As the Occupy Wall Street movement continues, spreading across many cities in America, USC students seem to be absent from the action. Two students attempted to initiate an “Occupy USC” movement, which was not met with support. The Daily Trojan recently reported that perhaps students are more politically involved through dialogue than through protests. Regardless of whether or not this is true, students should seek to employ the most effective methods they can to promote their beliefs.
Though protesting succeeds in bringing visibility to issues, discussion has the potential to be a far stronger form of persuasion for USC students.
Students should emphasize dialogue and discussion to create change because it is educational and establishes a holistic view of an issue.
The strength of a non-violent protest is its ability to bring major attention to an issue. A protest brings an issue into prominence, creating an event out of a long-standing problem.
But protests do not explain things or present the complex angles of issues nearly as well as dialogue does.
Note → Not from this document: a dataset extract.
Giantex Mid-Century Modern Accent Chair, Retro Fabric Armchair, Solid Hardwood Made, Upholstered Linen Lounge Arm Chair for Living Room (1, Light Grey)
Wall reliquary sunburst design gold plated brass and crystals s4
Engaging in dialogue presents more opportunity for change because it is not a one-way conversation.
Dialogue invites a surveyance of both sides, and this is why it should be favored above protesting.
The ongoing Wall Street protests definitely bring attention to many of the financial problems in the United States, but what is wrong and what exactly should be done are not clearly articulated.
Lists of grievances and demonstrated discontent need to be channeled through institutions and discussed by both sides of the issue to form clear, political goals in order to effect change.
In the face of so many social movements is when dialogue becomes essential, for both the current and future leaders of America as well as those protesting. Discussion is how grievances turn into solutions.
The argument of the protestors is that they are the “99 percent” against Wall Street, but change is unlikely without realizing the reality of conflict is made more understandable through discussion — it’s thereby easier to come to a resolution.
USC students should not forget the importance of the individual when making decisions. Discussion has the potential to engage individuals.
We cannot entirely sever personal biases and preferences from anyone’s decision making, and that is why discussion is necessary to facilitate healthy debate.
Discussion reminds leaders they are dealing with individuals, whether they like it or not, rather than masses of people whose identities are not revealed as easily as they could be through discussion.
Certainly, we would like those who are educated about important issues and those who are personally invested to deal with the issues at hand.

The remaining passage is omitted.